6. The App-assisted remote IoT terminal black-box fuzzy testing method according to claim 4, characterized in that, Once a potential mutation point is identified, the value field in the key-value pair is modified by dynamic instrumentation, and the App operation is replayed to execute the IoT device control operation. The network data packets sent by the App are monitored by a man-in-the-middle agent. If the mutated key-value pair control command appears in the network traffic, the mutation point is confirmed; otherwise, the recursive analysis continues until the data mutation point is located.

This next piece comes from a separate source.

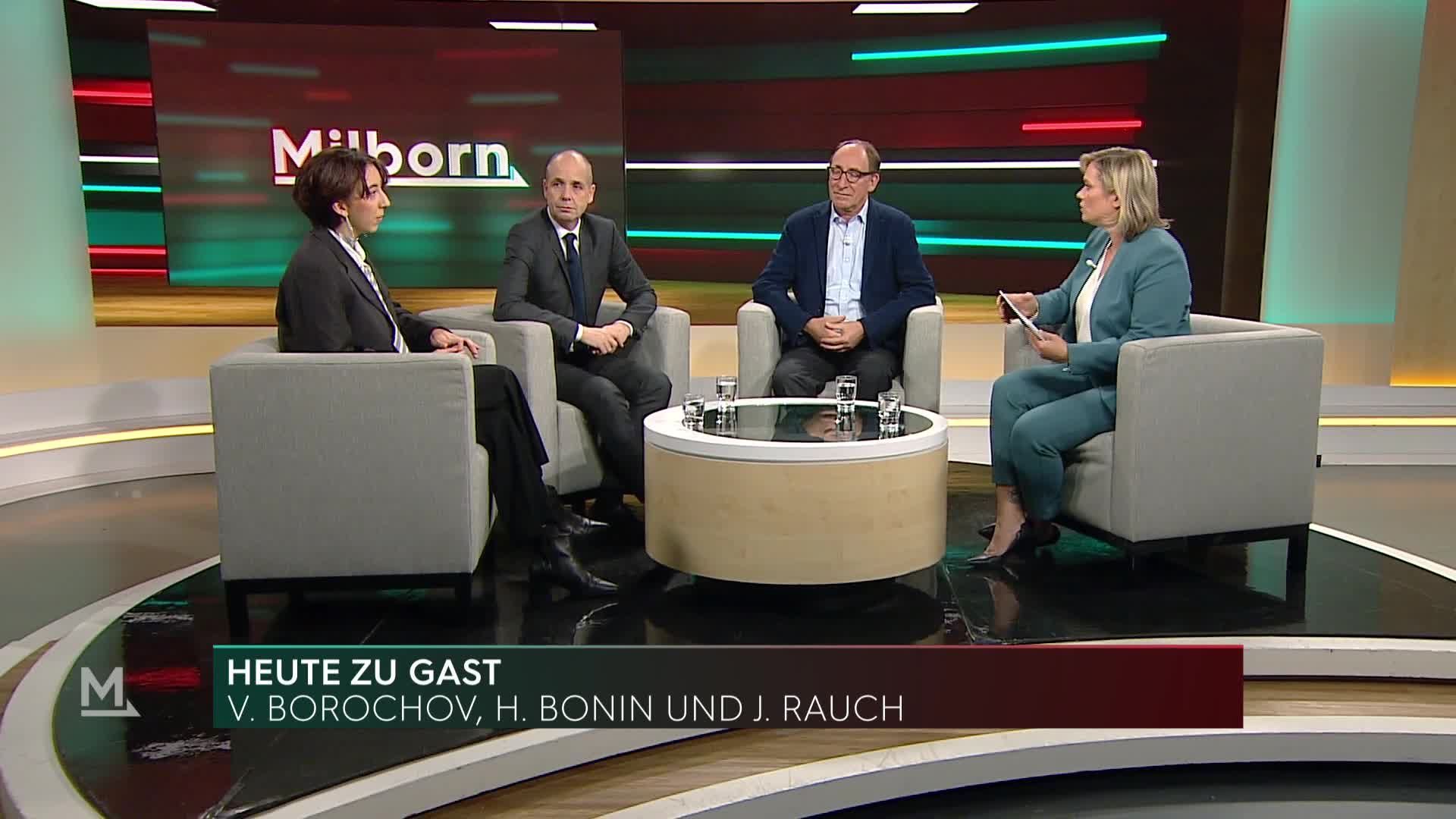 Victoria Borochov, Holger Bonin und Johannes Rauch im Interview bei Milborn
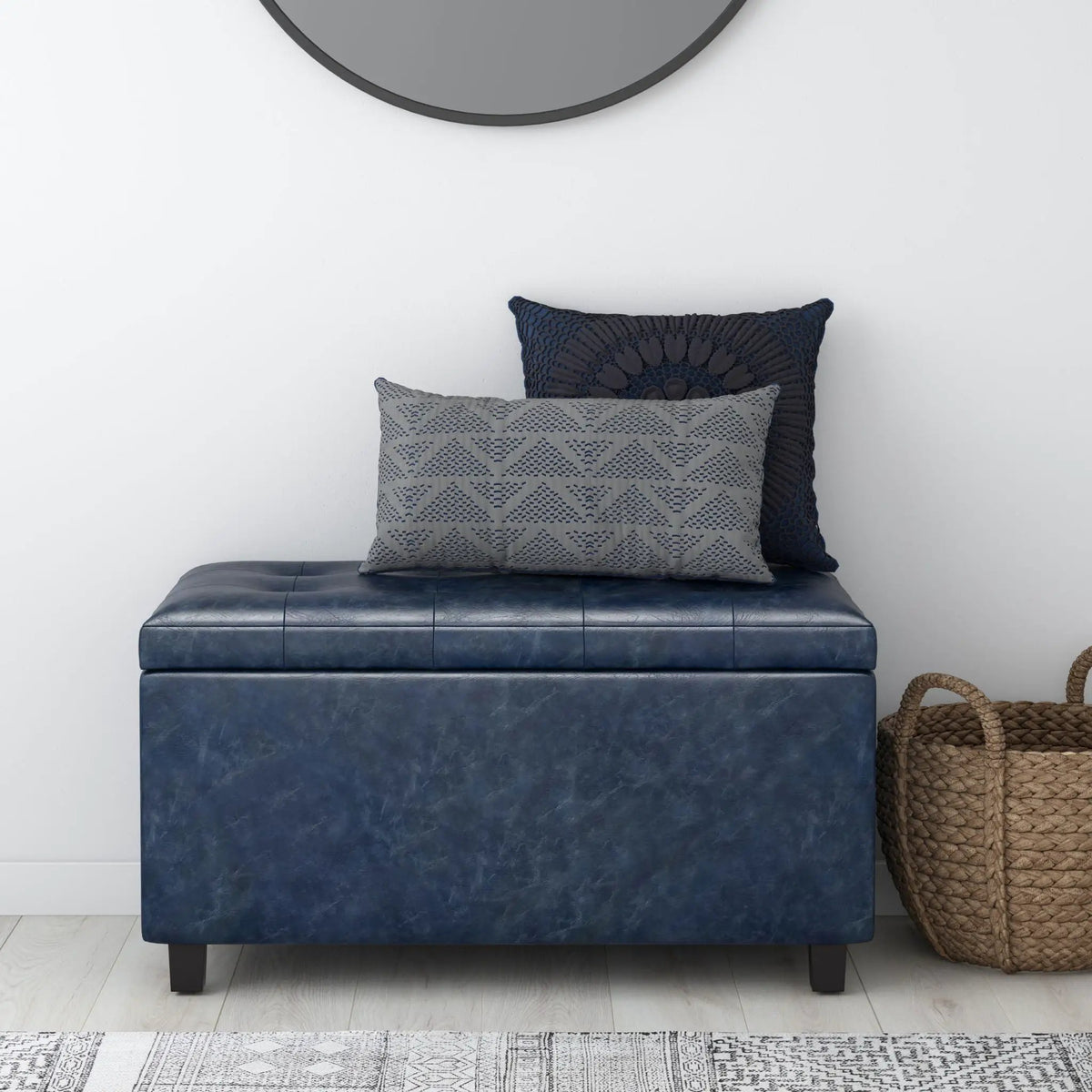 Cosmopolitan Upholstered Storage Ottoman | Child Safety Hinge | Large Interior Storage | 33.5 Inch Length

7. The App-assisted remote IoT terminal black-box fuzzy testing method according to claim 1, characterized in that, In step 3, the method for guiding the generation of subsequent fuzz test messages is to mutate the values in the control command key-value pairs into data types that can be verified by the server.
8. The App-assisted remote IoT terminal black-box fuzzy testing method according to claim 1, characterized in that, Step 4 includes a vulnerability identification phase based on network behavior and a vulnerability confirmation phase based on packet retransmission. The vulnerability identification phase uses abnormal network behavior to identify potential vulnerabilities in the target IoT device and records the exploitable data packets. The vulnerability confirmation phase confirms the discovered potential vulnerabilities by retransmitting fuzz test data packets several times. If abnormal network behavior continues to exist during retransmission, the IoT device has a vulnerability.
9. The App-assisted remote IoT terminal black-box fuzzy testing method according to claim 8, characterized in that, The process of identifying potential vulnerabilities in target IoT devices by utilizing abnormal network behavior includes: (1) Active heartbeat unreachable: Actively use Ping to send heartbeat data packets to the target IoT device within the local network. If a "Destination Host Unreachable" response appears, it indicates that a vulnerability that may cause denial of service or device restart has been triggered. (2) Passive network sniffing: The connection between IoT devices and cloud servers is interrupted or unresponsive.